Tokens, Embeddings and Vectors: How AI Turns Language Into Numbers

A computer processes numbers, not letters. So how does a word, a sentence, even a meaning turn into a number? From tokenization to embeddings, from vector space to semantic similarity, we explain how AI grasps language with concrete analogies and no math required.

Why We Need a Translation in the First Place

When we say AI "understands language," we are telling a small white lie. A language model does not see letters, words or sentences the way we do. In its world, everything is a number. Just as a calculator works only with digits, the one and only thing flowing through a modern AI system is vast strings of numbers. So there is a basic problem to solve: how do we translate text written by a human into numbers a machine can process?

This translation may sound mechanical, but the real difficulty is not in the mechanics. Mapping a word to some arbitrary number is easy; you give every word in the dictionary an ID and you are done. But that throws meaning straight in the bin. If you assign 4172 to "king" and 9038 to "queen," nothing in those two numbers carries the faintest trace of how closely related the two concepts are. The real challenge is to do the translation so that meaning travels along with the text.

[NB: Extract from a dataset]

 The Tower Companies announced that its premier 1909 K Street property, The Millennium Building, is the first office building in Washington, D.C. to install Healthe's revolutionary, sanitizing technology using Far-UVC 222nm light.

In this article we will build the three cornerstones of that translation, one at a time: first tokenization, which splits text into pieces; then embeddings, which load meaning onto each piece; and finally the vector space in which those meanings live. The goal is to make this quiet mechanism at the heart of modern AI understandable without requiring any background in mathematics.

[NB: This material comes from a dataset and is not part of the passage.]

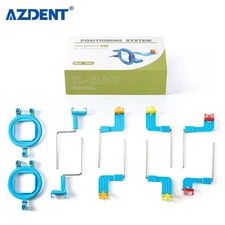 AZDENT Dental Digital X-ray Film Sensor Positioning System Positioner Holder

Tokenization: Cutting Text Into Bite-Size Pieces

The first step of the translation is breaking text into manageable pieces. These pieces are called tokens. A token is often not a whole word; sometimes it is part of a word, sometimes a suffix, sometimes just a few letters. The system feeding the model splits incoming text into these tokens and assigns each one its index in the model's vocabulary. Perhaps the simplest analogy is food: you cannot swallow a sentence whole, you first chew it into bites. Tokenization is the step where the model cuts text into digestible bites.

So why use these odd sub-pieces instead of whole words? Because fitting every word in the world into a single dictionary is impossible. New words, typos, names and technical terms can be invented endlessly. Instead, models use a fixed-size vocabulary made of frequently occurring pieces. A long, rare word like "unbelievable" might be split into familiar parts such as "un," "believ" and "able." This way the model can reconstruct even a word it has never seen out of pieces it already knows, much as you can sound out an unfamiliar word by breaking it into syllables.

This splitting looks innocent, but its consequences run deep. How many tokens a text breaks into directly determines cost, speed and how much context the model can hold at once, because models measure text in tokens. And token boundaries do not fall with equal efficiency in every language. Many tokenizers built for English shred words in agglutinative languages like Turkish at points that have nothing to do with meaning, which means burning more tokens to say the same thing. Contrary to what most people assume, tokenization is not a technical footnote; it is a foundational design decision that quietly shapes product quality.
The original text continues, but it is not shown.